‘I'll make you a cup of tea, huh?' Adam said when they got inside the house. ‘Then I'll get aff.'
‘Will you go back home?' said Stevie. Her throat felt worse than Danny's must have. Dry and sore. As if she had been gargling with razor blades.
‘Aye,' he said, obviously not relishing the prospect.
‘Stay,' said Stevie. ‘Please.'
‘Aye,' said Adam.
Then he went to put the kettle on.
Chapter 48
Unaware of the drama that had happened across the lane the previous day, Matthew walked into work on Monday morning and had the weirdest feeling he was being watched. Eyes seemed to linger on him longer than was necessary. He had the ridiculous notion that he was the subject of gossip.

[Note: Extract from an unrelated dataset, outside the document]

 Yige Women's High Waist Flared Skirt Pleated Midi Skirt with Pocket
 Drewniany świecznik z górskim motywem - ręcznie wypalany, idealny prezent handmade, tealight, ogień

Jo had driven her own car in very early that morning; his suggestion that he accompany her had been met with a weary sigh. It appeared that he couldn't win at the moment: if he paid her attention, he was crowding her, if he didn't he was ignoring her. He had tried to talk to her about it in bed at the weekend but she had looked at him as if he were nuts.
‘That is so your imagination!' she had bawled at him, like a good-looking fishwife, then she demanded rough sex. This time he hadn't been able to raise as much as a smile and he had refused to bite and manhandle her, with the result that she hadn't spoken to him after Saturday morning.

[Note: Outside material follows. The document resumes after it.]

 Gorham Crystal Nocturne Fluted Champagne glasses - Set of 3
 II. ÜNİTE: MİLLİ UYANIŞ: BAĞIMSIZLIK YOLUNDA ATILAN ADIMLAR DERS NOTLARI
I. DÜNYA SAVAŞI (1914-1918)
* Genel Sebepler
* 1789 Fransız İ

He had gone into town on the Sunday, to buy her a ‘sorry for whatever I did' present, something gold and expensive, but bit back the urge at the shop doorway. This was harder than giving up cigarettes years ago, but he had managed to muster up the willpower to do it eventually, so at least there was some hope of a cure. He bought her a sweet little card instead. It still lay unopened on the kitchen table where she had tossed it down.

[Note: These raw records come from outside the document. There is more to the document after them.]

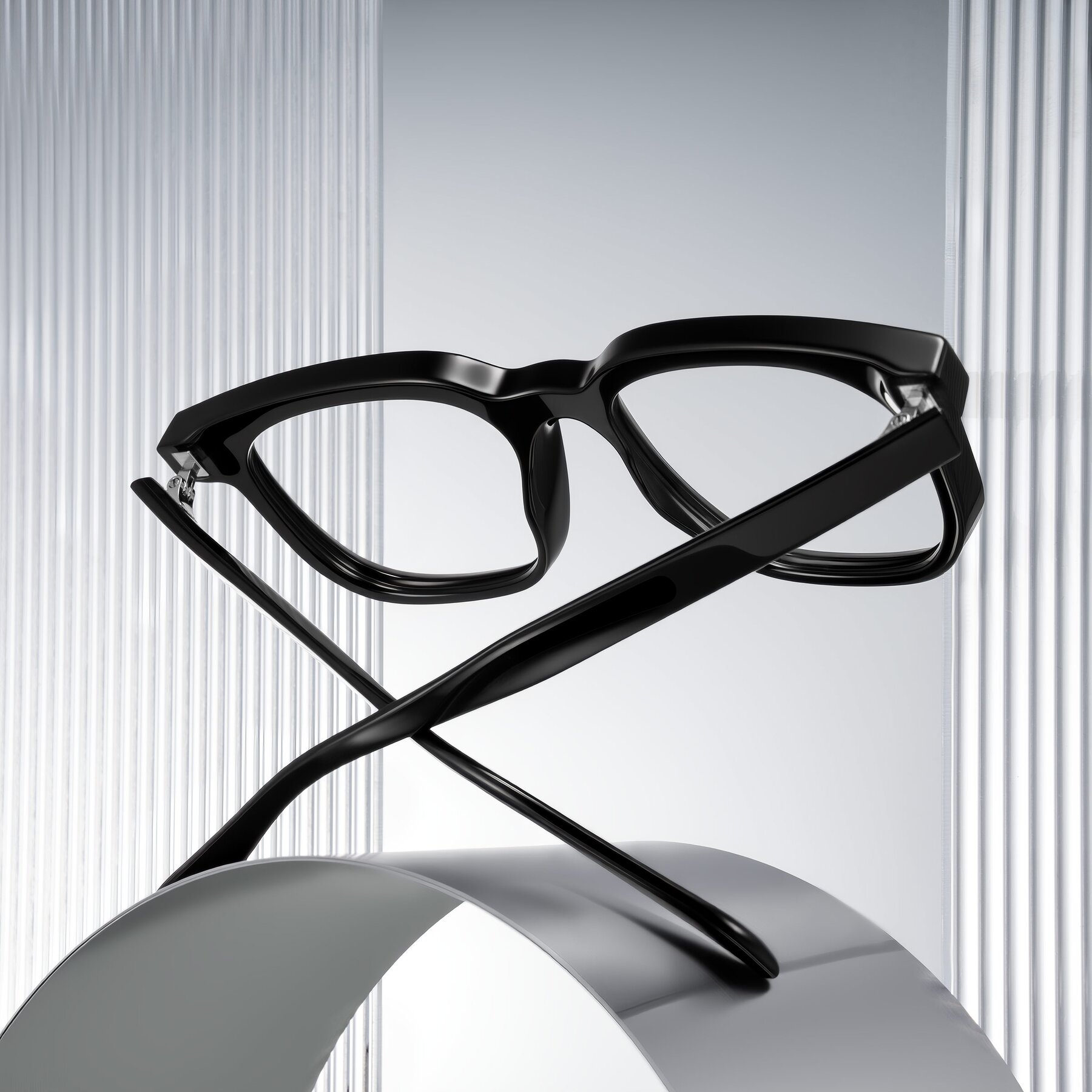 Lifestyle photography #2 of Mysterious in Black with Clear Eyeglass Lenses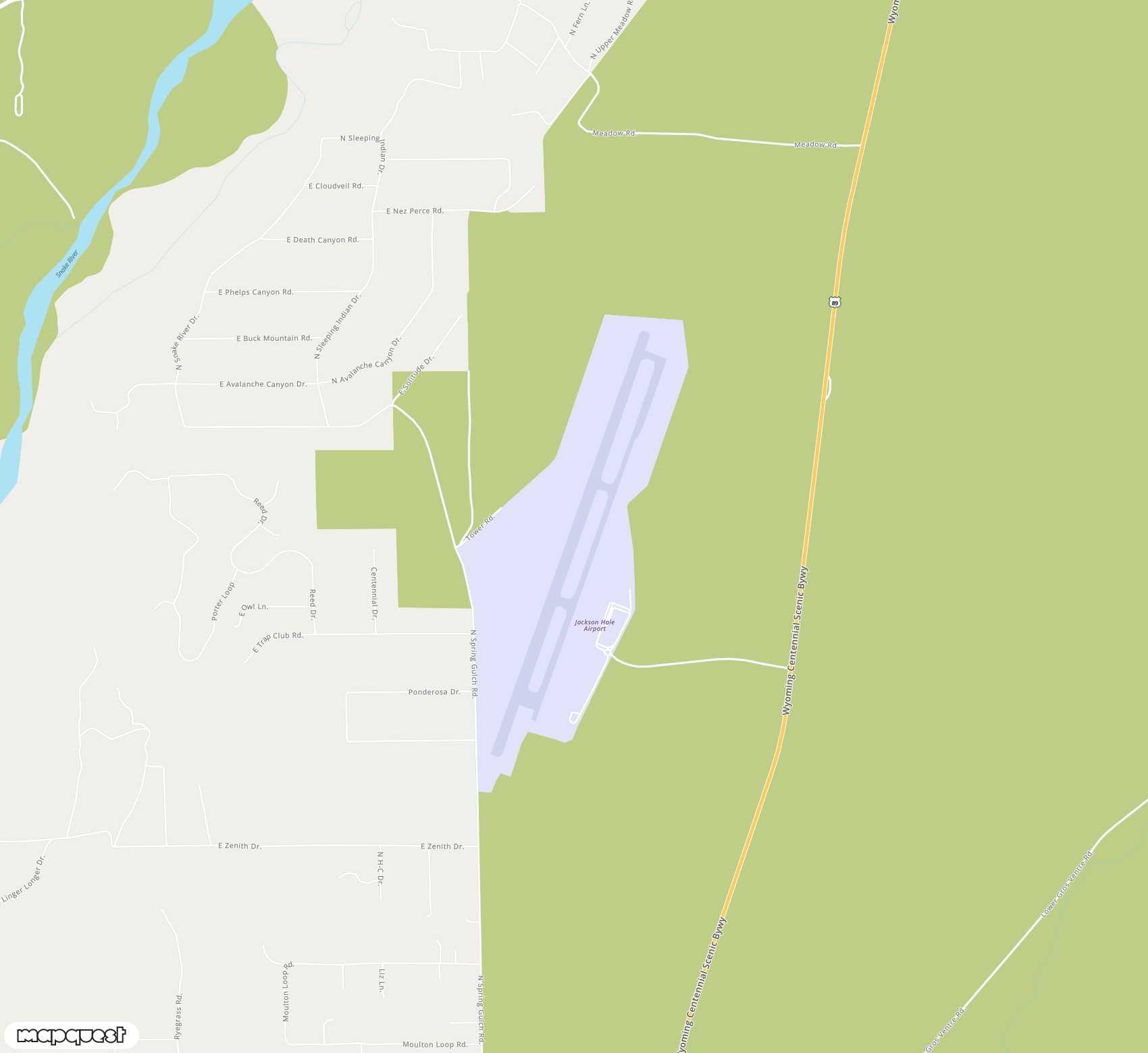 Carte de Jackson Hole <span>airport (JAC)</span>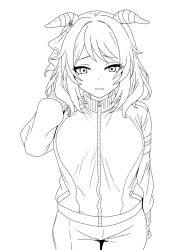  1girl animal_ears arm_behind_head commentary_request cowboy_shot eyelashes greyscale hair_ribbon highres hishi_miracle_(umamusume) horse_ears horse_girl jacket lineart long_sleeves medium_hair monochrome pants ribbon simple_background smapy_sumataku solo track_jacket track_pants track_suit umamusume variant_set white_background zipper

Matthew settled himself at his desk, pondered over the dilemma of what to do for the best and then bit the bullet. He decided Jo would be less annoyed if he tried an active approach rather than a passive one, so he took a deep breath and dialled her extension.
‘Jo MacLean,' she answered briskly.
‘Hi, it's me. Fancy lunch?'
‘Sorry, no,' she said, as if he was a sex-crazed stalker who had just asked her for a gangbang with the Board. She slammed the phone down on him and he stared at it in disbelief. What have I done wrong now? he thought, shaking his head.
Life had been so much easier and less complicated with Stevie, he found himself thinking, as he headed out of the building in the direction of Pauline's Pasties at half past twelve, again with the feeling that he was under some giant microscope hidden in the ceiling.
‘Have I done the right thing, sending Danny to school?' said Stevie, shaking her head in self-disgust that she was waving through the class window to the son who nearly died yesterday.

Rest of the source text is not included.